Stored data entries
▽

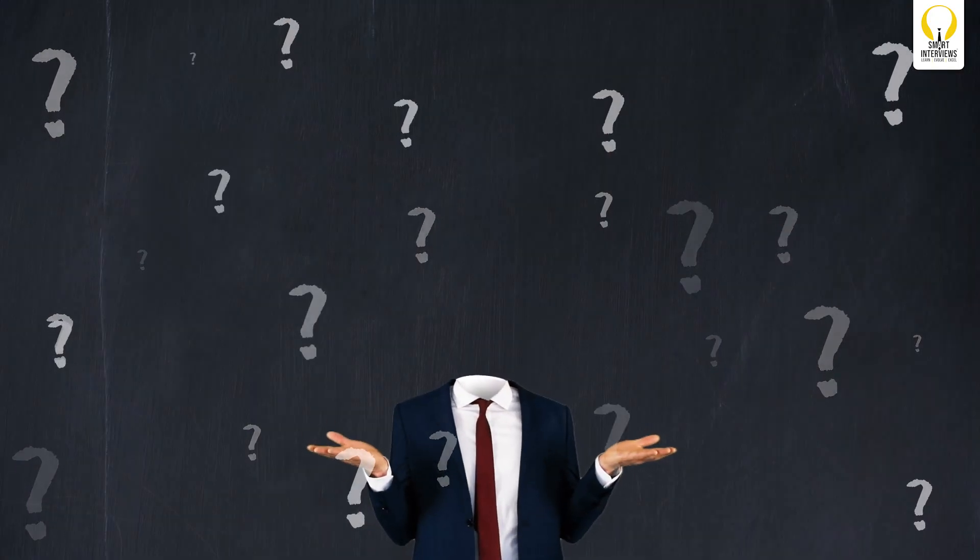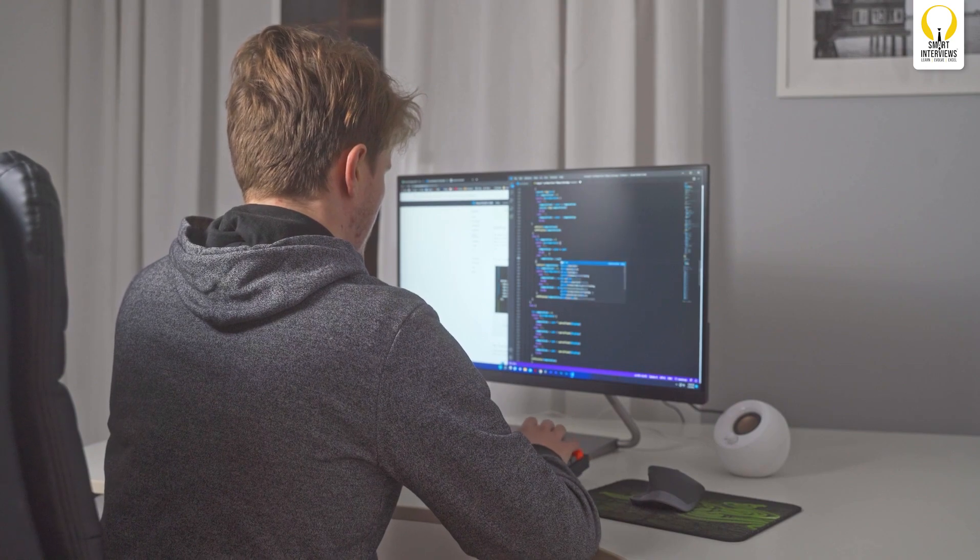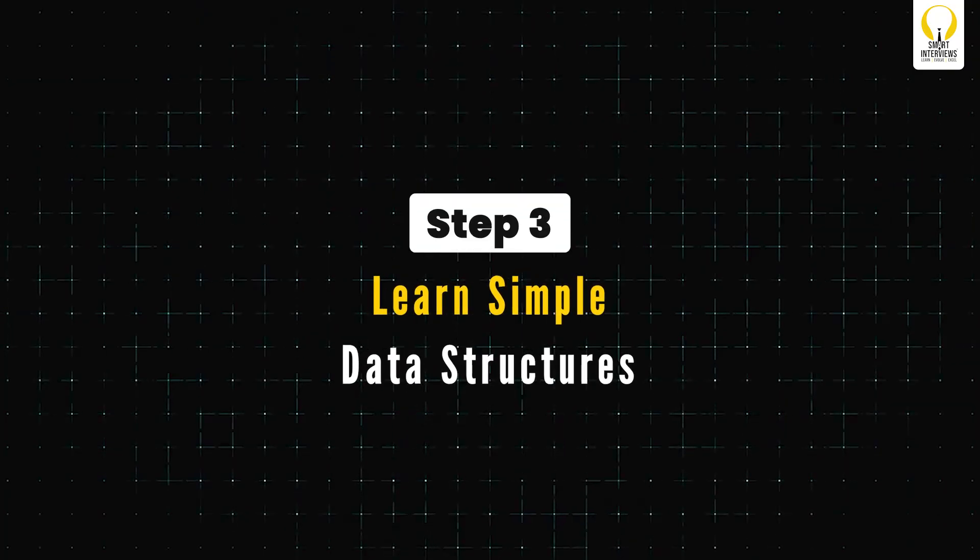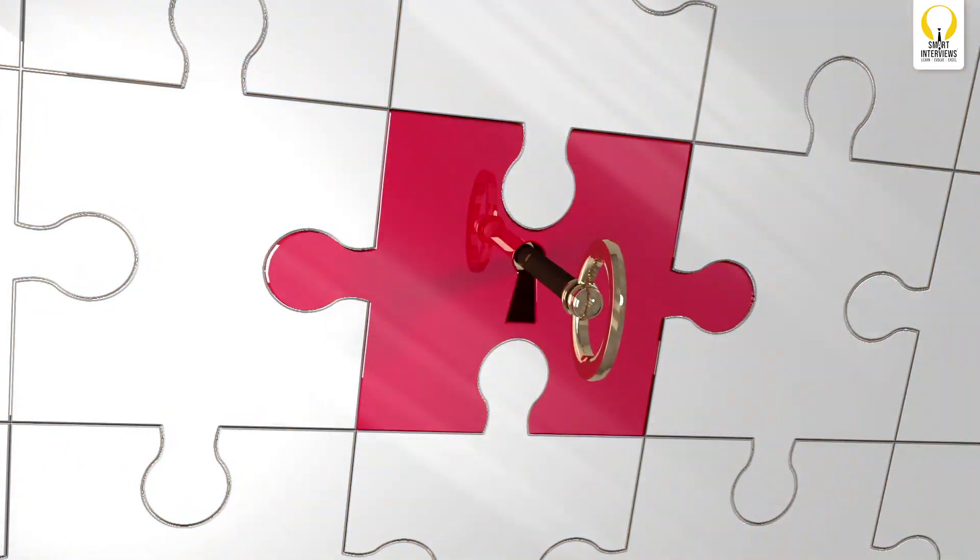Learning time and space complexity is essential because it allows you to evaluate and optimize algorithms for efficiency, ensuring they run within acceptable limits of time and memory usage. This knowledge is crucial for selecting the most appropriate algorithm for any given problem and demonstrates your problem-solving skills in DSA interviews. Step 3: Learn simple data structures. Always start with simple data structures first, as they form the foundation for solving complex algorithmic problems. Understanding basic data structures such as arrays, linked lists, graphs, and trees allows you to efficiently manage and organize data.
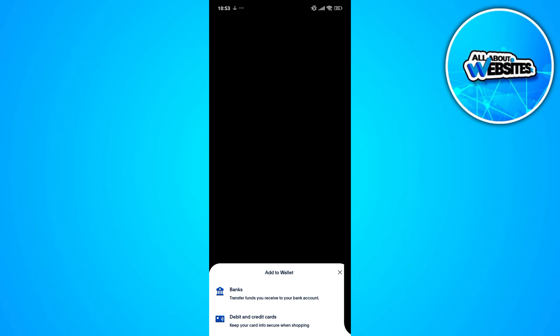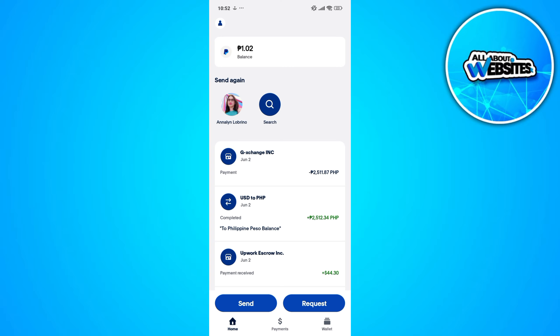Since you want to add a bank account to your PayPal account, this will redirect you to a new page where you need to enter the bank name, bank code, and account number of the bank account that you want to link to your PayPal account.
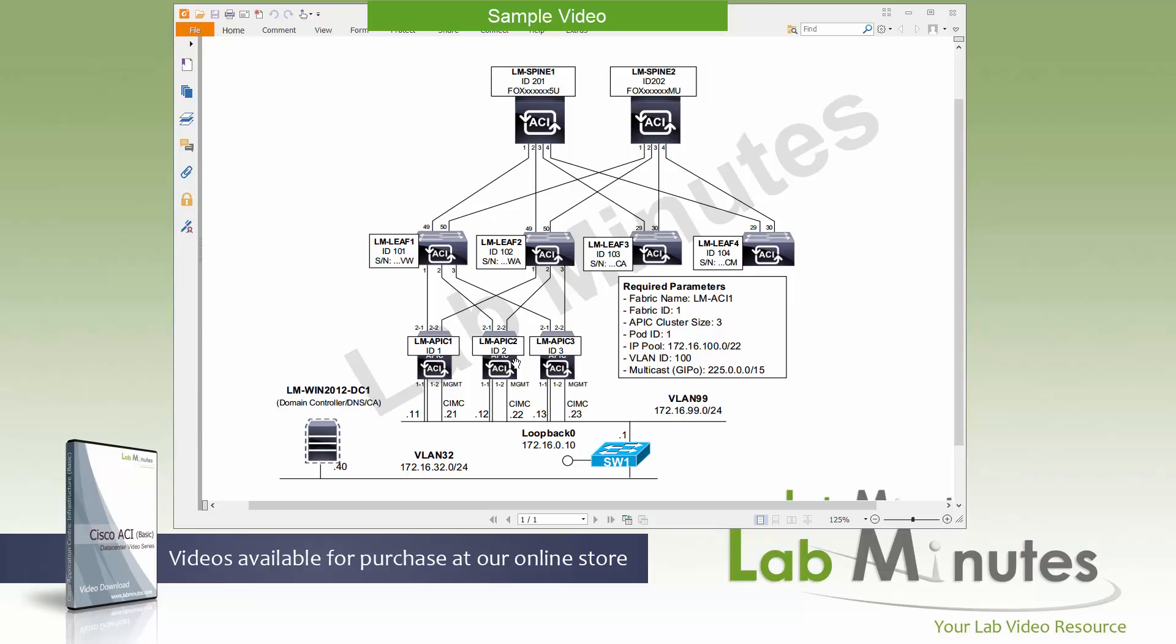And there's three ways for you to access the command line. You can hook up a monitor and keyboard and do the old-fashioned way directly to the server using the provided UCS dongle that comes with the box and connect it that way to get access to the CLI. Or if you have already set up the CIMC you can open up the web interface CIMC KVM as well which is what we're doing here.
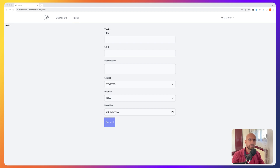Hello friends, Tony here. Right now we need to add validation because our form doesn't have it. If I click the submit button without typing the title, slug, or the description, we're going to have an error.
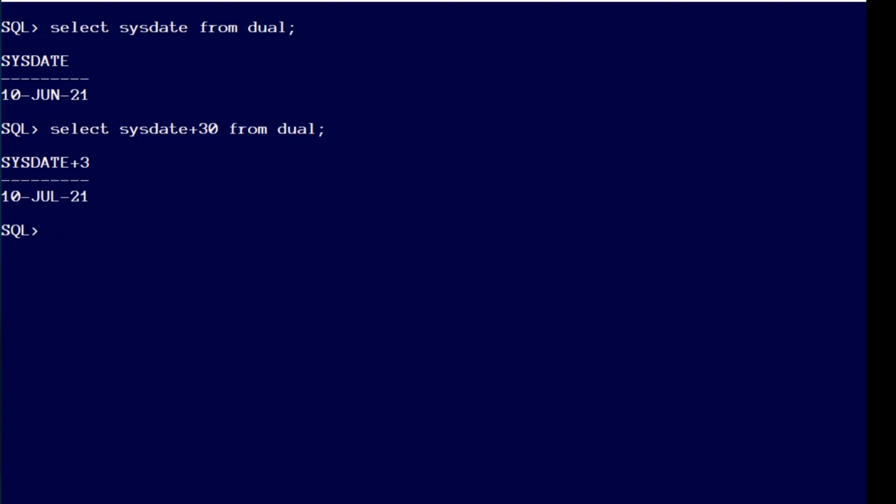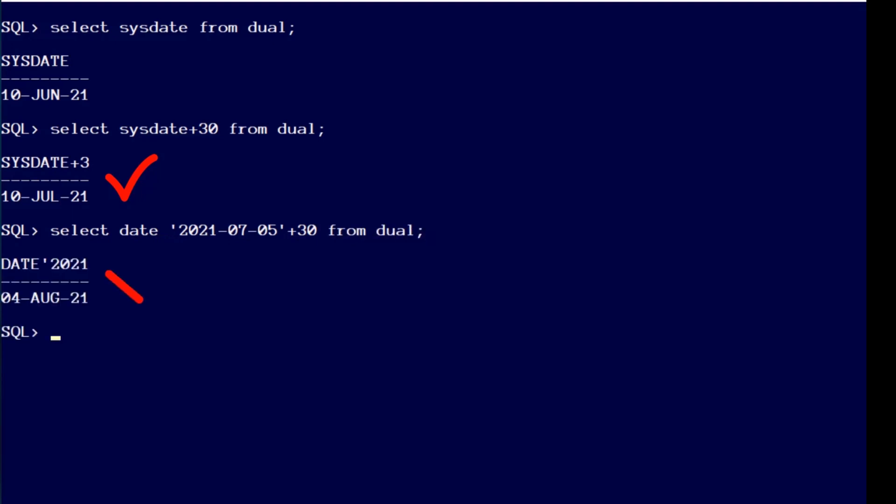For example, if today happens to be a day in June, then adding 30 days will give me the correct result. However, if I pick a known date in July, then I no longer get the correct result. 30 days only works for certain months of the year.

△

◆ Description of the task ◆
From the line with "And there's three" down to the last line of the records above, restate each line verbatim, passing over any picture.

◆ Answer space ◆
And there's three ways for you to access the command line. You can hook up a monitor and keyboard and do the old-fashioned way directly to the server using the provided UCS dongle that comes with the box and connect it that way to get access to the CLI. Or if you have already set up the CIMC you can open up the web interface CIMC KVM as well which is what we're doing here.
Hello friends, Tony here. Right now we need to add validation because our form doesn't have it. If I click the submit button without typing the title, slug, or the description, we're going to have an error.
For example, if today happens to be a day in June, then adding 30 days will give me the correct result. However, if I pick a known date in July, then I no longer get the correct result. 30 days only works for certain months of the year.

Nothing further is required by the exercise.